Wednesday, February 18, 2009

Adverse Selection in Health Insurance

Front-page article today in the NYT on young adults who choose not to buy health insurance.

What's wrong with this?

When I teach about adverse selection in Fin 6025, students usually suggest that the big problem is uncompensated care. Uncompensated care happens when an uninsured person gets sick or is injured, and then seeks treatment (usually at an ER), and then can't pay.

But uncompensated care is actually quite a small part of overall health care costs. According to a recent survey by leading health care economist Jon Gruber, uncompensated care is only $30 bn out of the $2 trillion US health care spending. That's 1.5%.

A bigger problem is that when healthy people jump out of the pool of the insured, then insurers figure that you must be pretty sick to want to buy health insurance. This is called adverse selection, because the "selection" of people who choose to buy insurance is "adverse" to the interests of the insurer. And this raises the price of insurance, and causes more of the relatively healthy to jump out of the insured pool.

So we end up with risk-averse people choosing not to buy insurance, because the price of insurance reflects the _average_ cost of insuring those who choose to buy, not the specific cost of insuring that person.

This sort of adverse selection problem can lead to market failure --- that is, it can lead to a situation where everyone's well being could be improved by changing the market outcome.

And this part of why markets don't do as well at allocating health care resources as they do at allocating, say, tin.
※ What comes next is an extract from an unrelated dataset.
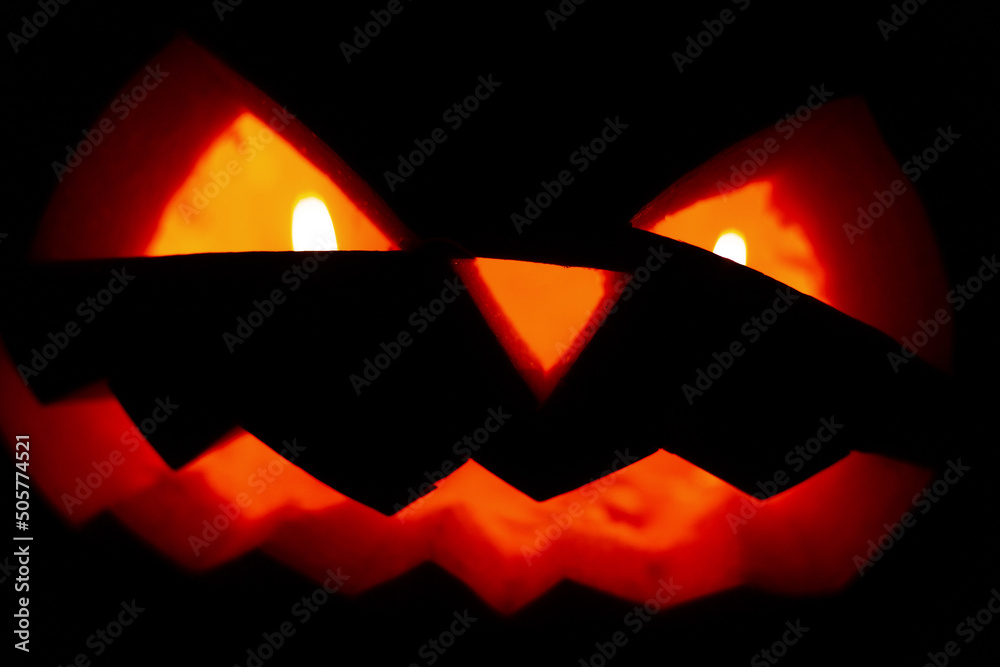 Scary pumpkin face with candles glowing in the night Scary pumpkin face with candles glowing in the night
And this is why governments (around the world) are so heavily involved in the provision of health care. Health care is no more a "basic human right" than, say, food, but governments play a comparatively small role in the provision of food.

1 comment:

Anonymous said...

So it is apparent that our current costs are known and this points out the flaws in our system. However, a fully socialized health care system can worry people, who think they will not get as good of care. But, wouldn't we paying in what we are now, or roughly the same to a socialized system? And if so and we eliminated the insurance shuffling and paperwork issues (because of this change) wouldn't more of the money we spend go to treating people? What am I missing?